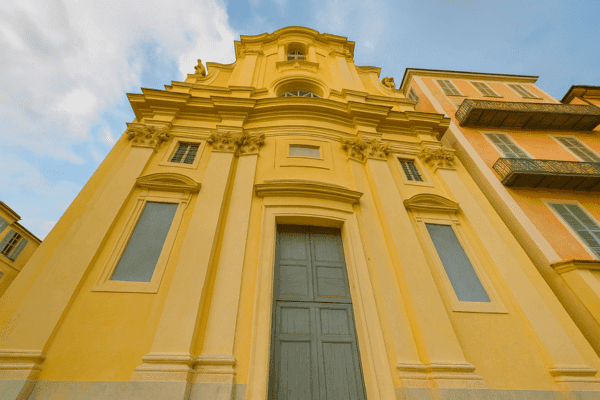 Church of St. Rita / Church of the Annunciation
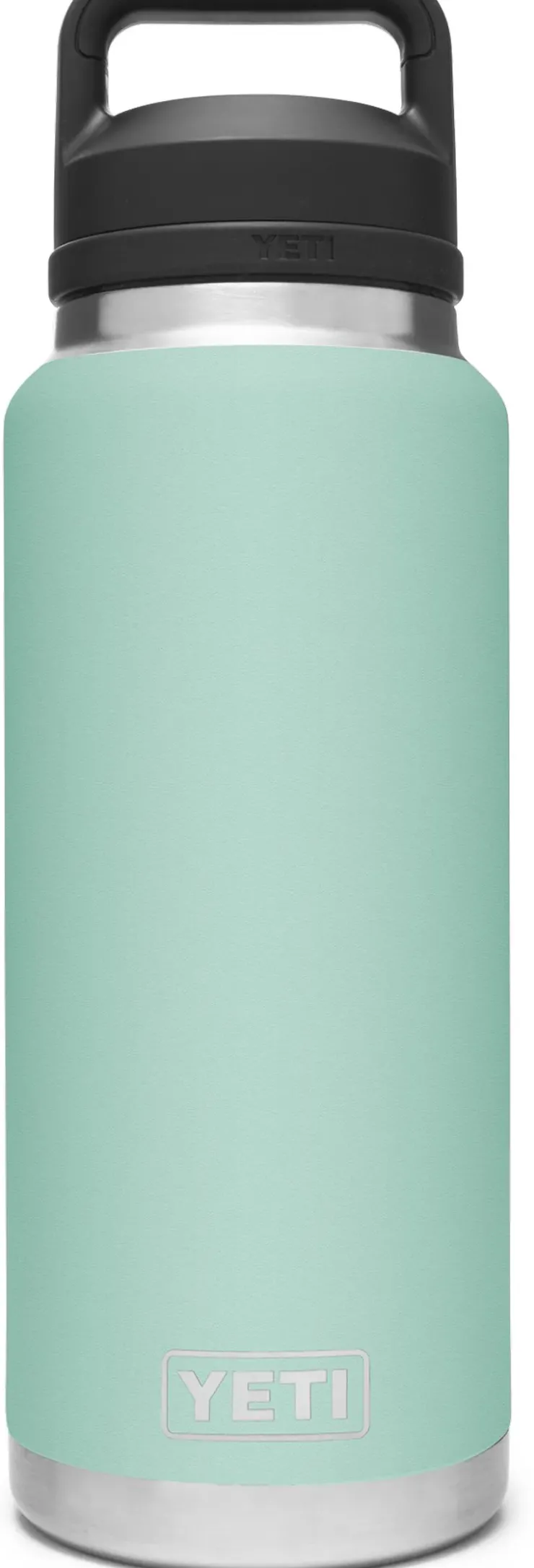 Water Bottles-Yeti Rambler 36oz Bottle - Seafoam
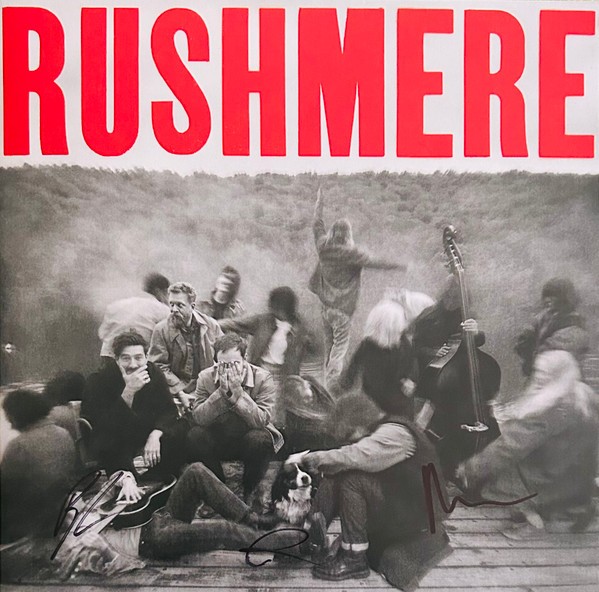 Mumford & Sons : Rushmere (LP)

═══

_WHAT THE TASK ASKS_: Exactly as written, restate all of the data, leaving out the images.

_TASK RESULT_:
 Church of St. Rita / Church of the Annunciation
 Water Bottles-Yeti Rambler 36oz Bottle - Seafoam
 Mumford & Sons : Rushmere (LP)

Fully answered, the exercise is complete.